On September 13, 2002, complainant, a County Executive Director,
CO-09, at the agency's Farm Service Agency in Belzoni, Mississippi,
filed a formal complaint. Therein, complainant claimed that she was
discriminated against in reprisal for prior EEO activity when:
1. on June 3, 2002, her request for approval for a thirty (30) day
assignment in the New Leader Program, to run concurrently with the County
Operation Training Program assignment (COT) was denied;
2. on June 5, 2002, her request for reimbursement for telephone calls
made to her family while she was in travel status was denied; and
3. on August 5, 2002, her name was excluded from the eligible list for
five (5) County Executive Director (CED) positions.
At the conclusion of the investigation, complainant was informed of
the right to request a hearing before an EEOC Administrative Judge
(AJ) or alternatively, to receive a final decision by the agency.
The record reflects that complainant initially requested a hearing,
but that the request was subsequently withdrawn. The agency thereupon
issued the instant final agency decision.
In its May 31, 2005 final decision, the agency found no discrimination.

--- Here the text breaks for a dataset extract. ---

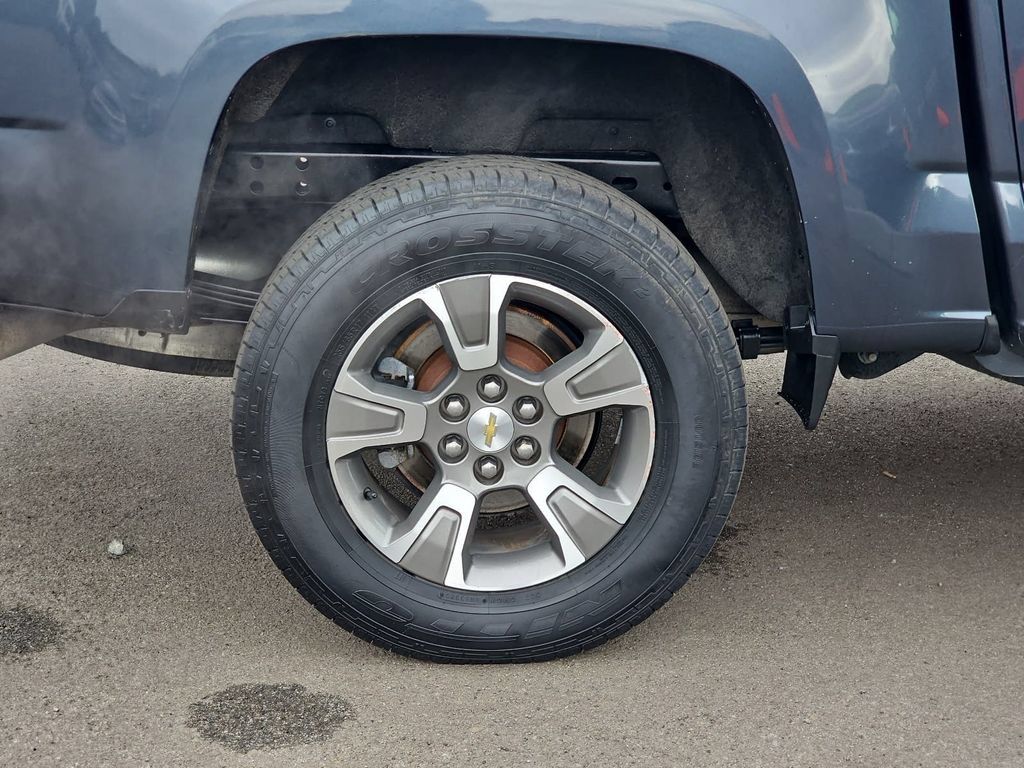 Used 2019 Chevrolet Colorado Z71 AWD/4WD image 37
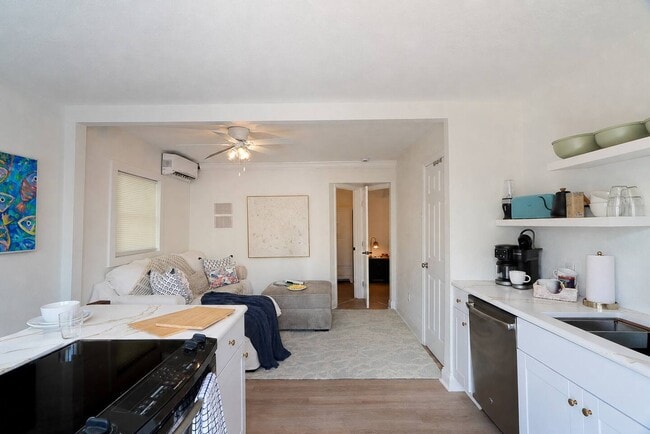 Photo - 618 7th Ave N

Without addressing whether complainant established a prima facie case
of reprisal discrimination, the agency found that management articulated
legitimate, nondiscriminatory reasons for its actions which complainant
failed to show were a pretext for discrimination.
Regarding complainant's harassment claim, the agency found that
complainant failed to prove that she was subjected to harassment
sufficiently severe or pervasive so as to render her work environment
hostile.
Regarding claim 1, the record reflects that in her complaint, complainant
stated that in February 2002, she began both the New Leader Program
(NLP) and the COT program. Complainant stated that according to an
agency Administrative Officer, once trainees complete COT assignments,
they could submit a request for a shortened training period based on
their prior experience with the agency. Complainant stated that during
her 30-day NLP assignment, she requested permission to work in the
Wayne County Office for two weeks, and then work in the state office.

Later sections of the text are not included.